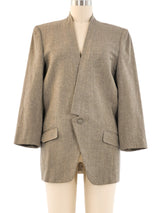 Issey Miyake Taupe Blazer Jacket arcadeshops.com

...

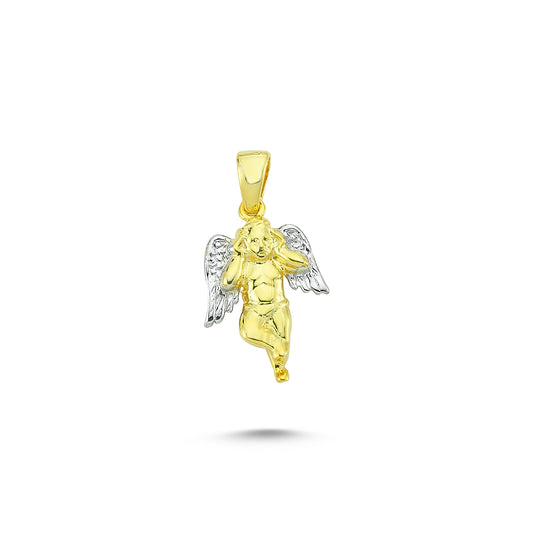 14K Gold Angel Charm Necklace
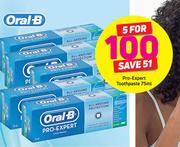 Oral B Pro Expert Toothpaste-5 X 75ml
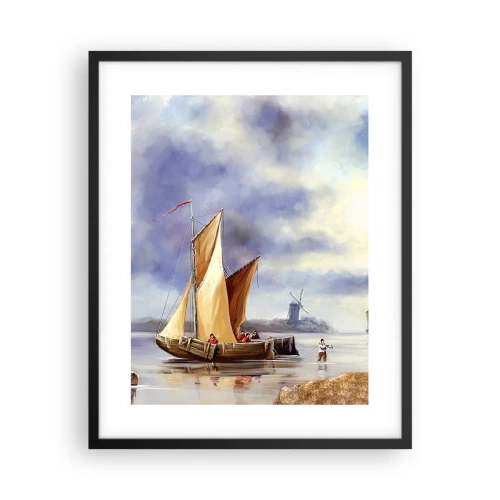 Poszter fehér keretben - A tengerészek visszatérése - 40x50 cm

...

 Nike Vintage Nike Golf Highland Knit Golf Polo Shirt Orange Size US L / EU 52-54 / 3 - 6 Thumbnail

*Assignment*.
A clean copy is needed of the lines in the listing above from the one with "Oral B Pro Expert Toothpaste-5 X 75ml" through the one with "Poszter fehér keretben", exact in every word and free of pictures.

*Solution to this exercise*.
 Oral B Pro Expert Toothpaste-5 X 75ml
 Poszter fehér keretben - A tengerészek visszatérése - 40x50 cm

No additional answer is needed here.